(Data to process begins)
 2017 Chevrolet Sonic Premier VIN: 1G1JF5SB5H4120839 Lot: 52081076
(Data to process ends)
(Data to process begins)
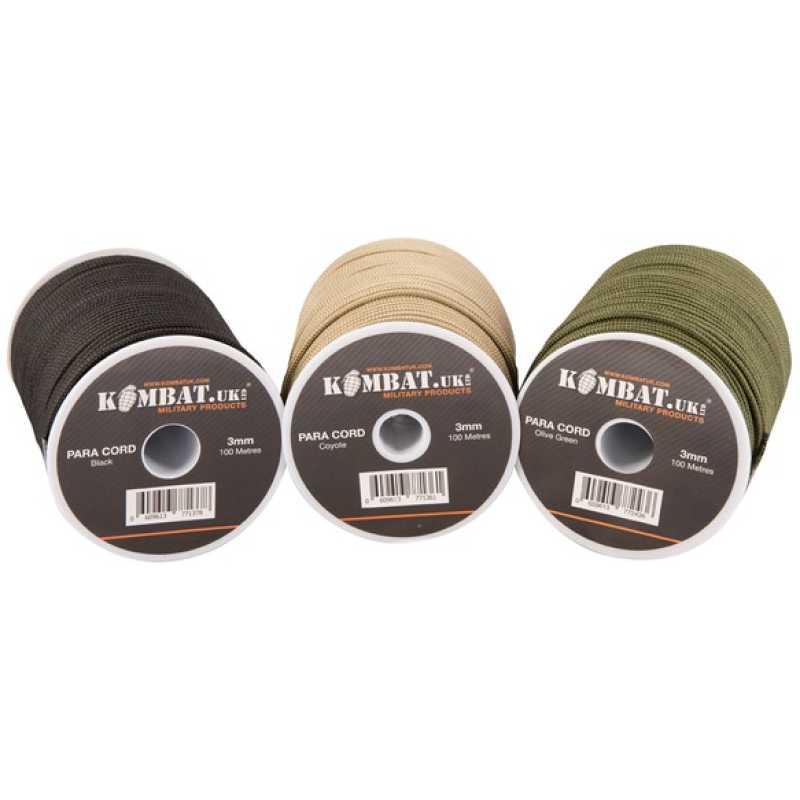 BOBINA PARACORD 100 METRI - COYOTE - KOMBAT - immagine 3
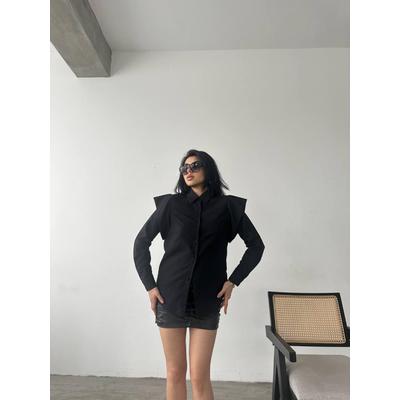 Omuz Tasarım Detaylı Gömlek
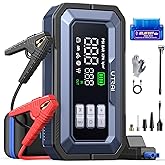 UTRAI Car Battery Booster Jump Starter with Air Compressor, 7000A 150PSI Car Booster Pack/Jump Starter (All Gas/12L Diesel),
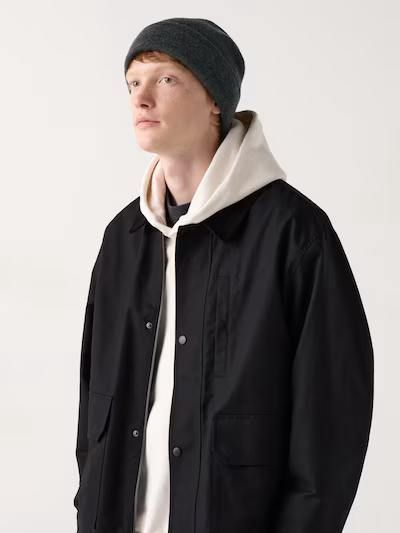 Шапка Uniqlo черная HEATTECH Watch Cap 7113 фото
(Data to process ends)
| About this exercise |
Within the entries above, the lines from the one containing "UTRAI Car Battery" through the one containing "Шапка Uniqlo черная" are to be transcribed exactly, ends included, pictures excluded.

| Solution to this problem |
 UTRAI Car Battery Booster Jump Starter with Air Compressor, 7000A 150PSI Car Booster Pack/Jump Starter (All Gas/12L Diesel),
 Шапка Uniqlo черная HEATTECH Watch Cap 7113 фото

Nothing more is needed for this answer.